在一些实施例中,本申请实施例的当前块只包括亮度分量,可以理解为亮度块。
在一些实施例中,该当前块即包括亮度分量又包括色度分量。
视频编码器在对当前块进行帧内预测时,会尝试N个第一帧内预测模式中的至少一个帧内预测模式,例如基于自编码器的帧内预测模式、DM模式、DC模式(Intra_Chroma_DC),水平模式(Intra_Chroma_Horizontal),垂直模式(Intra_Chroma_Vertical),双线性(Bilinear)模式、PCM模式,以及跨分量的预测模式(TSCPM、PMC,VVC里的CCLM)等。
本实施例中,视频编码器从N个第一帧内预测模式中,确定当前块的帧内预测模式中方式包括但不限于如下几种:
方式一,视频编码器根据当前块的特征,从N个第一帧内预测模式中,确定当前块的帧内预测模式,例如,若当前块的像素值与周围已重建像素点的像素值相关性不大,则可以将基于自编码器的帧内预测模式,确定为当前块的帧内预测模式。

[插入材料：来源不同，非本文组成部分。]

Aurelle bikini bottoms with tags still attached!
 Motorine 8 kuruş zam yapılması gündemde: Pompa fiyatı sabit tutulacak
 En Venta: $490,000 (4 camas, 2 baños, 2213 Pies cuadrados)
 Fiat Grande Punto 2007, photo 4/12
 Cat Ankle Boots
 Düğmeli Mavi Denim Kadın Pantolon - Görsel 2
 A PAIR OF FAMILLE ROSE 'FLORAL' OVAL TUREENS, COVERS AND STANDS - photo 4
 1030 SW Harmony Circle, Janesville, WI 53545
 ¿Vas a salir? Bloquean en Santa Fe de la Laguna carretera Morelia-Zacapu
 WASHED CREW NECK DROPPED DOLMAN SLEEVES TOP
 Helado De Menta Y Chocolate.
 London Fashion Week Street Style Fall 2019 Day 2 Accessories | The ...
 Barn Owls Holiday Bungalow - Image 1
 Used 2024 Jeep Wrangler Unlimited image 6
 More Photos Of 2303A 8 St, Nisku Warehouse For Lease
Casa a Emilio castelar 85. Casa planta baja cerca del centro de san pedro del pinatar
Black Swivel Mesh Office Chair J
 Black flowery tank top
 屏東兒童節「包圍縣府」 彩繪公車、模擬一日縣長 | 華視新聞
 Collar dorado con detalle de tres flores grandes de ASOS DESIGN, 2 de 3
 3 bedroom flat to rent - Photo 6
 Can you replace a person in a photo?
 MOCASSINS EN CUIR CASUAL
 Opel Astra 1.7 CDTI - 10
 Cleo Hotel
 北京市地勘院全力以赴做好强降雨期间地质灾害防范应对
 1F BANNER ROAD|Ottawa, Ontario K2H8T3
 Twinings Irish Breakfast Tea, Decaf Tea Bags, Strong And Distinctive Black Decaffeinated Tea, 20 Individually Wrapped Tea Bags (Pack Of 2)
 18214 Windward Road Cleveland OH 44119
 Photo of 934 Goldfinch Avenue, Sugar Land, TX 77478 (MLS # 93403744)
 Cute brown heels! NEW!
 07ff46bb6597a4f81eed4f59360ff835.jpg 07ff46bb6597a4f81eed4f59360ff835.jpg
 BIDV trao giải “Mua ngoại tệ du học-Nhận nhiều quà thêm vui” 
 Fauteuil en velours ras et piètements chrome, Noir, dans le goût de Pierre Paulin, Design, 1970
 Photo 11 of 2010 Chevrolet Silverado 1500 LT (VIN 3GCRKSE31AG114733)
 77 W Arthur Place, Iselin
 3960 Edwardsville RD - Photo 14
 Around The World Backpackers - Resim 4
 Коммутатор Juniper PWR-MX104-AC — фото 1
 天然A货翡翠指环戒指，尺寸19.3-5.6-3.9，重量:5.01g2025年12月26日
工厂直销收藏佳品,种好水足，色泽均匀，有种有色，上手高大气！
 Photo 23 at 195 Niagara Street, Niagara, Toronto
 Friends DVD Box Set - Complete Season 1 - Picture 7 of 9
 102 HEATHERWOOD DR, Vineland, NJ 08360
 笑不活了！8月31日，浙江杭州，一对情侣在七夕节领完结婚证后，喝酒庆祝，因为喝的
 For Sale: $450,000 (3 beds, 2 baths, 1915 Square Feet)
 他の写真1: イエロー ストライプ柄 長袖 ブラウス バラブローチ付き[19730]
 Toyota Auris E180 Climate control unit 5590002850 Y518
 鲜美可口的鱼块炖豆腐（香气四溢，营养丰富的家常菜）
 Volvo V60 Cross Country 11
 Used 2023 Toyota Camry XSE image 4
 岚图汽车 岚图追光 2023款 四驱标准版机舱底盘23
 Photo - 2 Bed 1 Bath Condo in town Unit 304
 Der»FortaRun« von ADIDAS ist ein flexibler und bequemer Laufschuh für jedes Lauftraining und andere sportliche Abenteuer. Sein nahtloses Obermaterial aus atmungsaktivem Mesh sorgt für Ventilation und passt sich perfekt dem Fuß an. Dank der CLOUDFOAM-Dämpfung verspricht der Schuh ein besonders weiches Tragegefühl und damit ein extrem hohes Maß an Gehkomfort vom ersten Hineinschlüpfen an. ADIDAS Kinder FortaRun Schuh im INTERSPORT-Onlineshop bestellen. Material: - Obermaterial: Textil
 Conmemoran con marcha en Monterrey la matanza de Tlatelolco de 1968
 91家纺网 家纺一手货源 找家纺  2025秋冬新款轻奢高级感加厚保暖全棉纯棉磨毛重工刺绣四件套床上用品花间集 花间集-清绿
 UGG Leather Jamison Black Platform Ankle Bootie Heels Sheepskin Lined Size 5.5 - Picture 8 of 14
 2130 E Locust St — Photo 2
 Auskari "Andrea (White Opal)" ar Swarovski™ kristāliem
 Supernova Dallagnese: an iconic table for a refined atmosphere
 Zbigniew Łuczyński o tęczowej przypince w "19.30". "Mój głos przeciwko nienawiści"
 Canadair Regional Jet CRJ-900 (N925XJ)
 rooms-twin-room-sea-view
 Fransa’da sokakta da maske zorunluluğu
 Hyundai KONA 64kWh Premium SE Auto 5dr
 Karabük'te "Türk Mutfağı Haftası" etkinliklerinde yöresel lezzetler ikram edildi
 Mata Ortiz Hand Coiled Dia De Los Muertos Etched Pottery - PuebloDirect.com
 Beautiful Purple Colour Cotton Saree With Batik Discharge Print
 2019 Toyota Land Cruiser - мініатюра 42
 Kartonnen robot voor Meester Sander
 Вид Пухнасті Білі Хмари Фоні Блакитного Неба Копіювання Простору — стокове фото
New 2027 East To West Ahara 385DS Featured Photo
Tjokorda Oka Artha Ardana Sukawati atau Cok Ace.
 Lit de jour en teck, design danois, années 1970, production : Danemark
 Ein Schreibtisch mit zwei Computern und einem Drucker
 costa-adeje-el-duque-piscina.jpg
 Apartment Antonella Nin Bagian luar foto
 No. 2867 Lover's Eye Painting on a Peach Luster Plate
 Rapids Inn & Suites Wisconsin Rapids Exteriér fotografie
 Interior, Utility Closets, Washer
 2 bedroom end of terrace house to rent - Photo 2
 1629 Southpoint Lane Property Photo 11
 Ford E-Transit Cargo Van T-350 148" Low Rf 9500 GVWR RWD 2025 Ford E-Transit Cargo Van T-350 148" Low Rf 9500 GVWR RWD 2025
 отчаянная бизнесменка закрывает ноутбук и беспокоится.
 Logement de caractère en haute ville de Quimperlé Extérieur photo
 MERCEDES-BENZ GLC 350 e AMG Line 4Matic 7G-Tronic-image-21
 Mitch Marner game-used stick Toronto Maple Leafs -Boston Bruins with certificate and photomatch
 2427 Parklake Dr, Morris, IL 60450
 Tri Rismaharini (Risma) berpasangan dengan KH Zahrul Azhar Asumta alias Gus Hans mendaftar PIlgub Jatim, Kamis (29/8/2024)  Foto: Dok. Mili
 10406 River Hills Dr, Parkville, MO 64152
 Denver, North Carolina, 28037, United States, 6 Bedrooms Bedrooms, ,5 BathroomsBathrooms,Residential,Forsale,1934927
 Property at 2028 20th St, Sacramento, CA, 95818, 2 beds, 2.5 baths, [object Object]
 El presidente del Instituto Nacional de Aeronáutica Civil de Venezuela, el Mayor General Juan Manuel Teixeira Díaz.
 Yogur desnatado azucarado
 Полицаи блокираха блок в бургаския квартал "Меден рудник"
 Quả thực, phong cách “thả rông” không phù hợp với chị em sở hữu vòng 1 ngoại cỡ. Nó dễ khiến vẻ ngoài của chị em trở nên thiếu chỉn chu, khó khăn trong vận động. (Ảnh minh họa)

方式二,视频编码器通过如下方式S8011从N个第一帧内预测模式中,确定当前块的帧内预测模式。
S8011、根据率失真代价,从N个第一帧内预测模式中,确定当前块的帧内预测模式。
例如,计算N个第一帧内预测模式中每个帧内预测模式对应的率失真代价,将率失真代价最小的第一帧内预测模式,确定为当前块的帧内预测模式。
本实施例中,可以采用已有的计算率失真代价的方式,计算每一个第一帧内预测模式对应的率失真代价。可选的,为例降低计算量,则还可以通过粗筛选或粗筛选加细筛选的方式,从N个第一帧内预测模式中,确定当前块的帧内预测模式,实现方式包括但不限于如下几种示例1和示例2:
示例1,上述S8011包括如下S8011-A1至S8011-A3的步骤:
S8011-A1、确定使用第一帧内预测模式对当前块进行编码时,第一帧内预测模式对应的预测值;
S8011-A2、根据预测值与当前块的原始值之间的失真,以及编码第一帧内预测模式的标志位时所消耗的比特数,确定第一帧内预测模式的第一率失真代价;
S8011-A3、根据第一率失真代价,从N个第一帧内预测模式中,确定当前块的帧内预测模式。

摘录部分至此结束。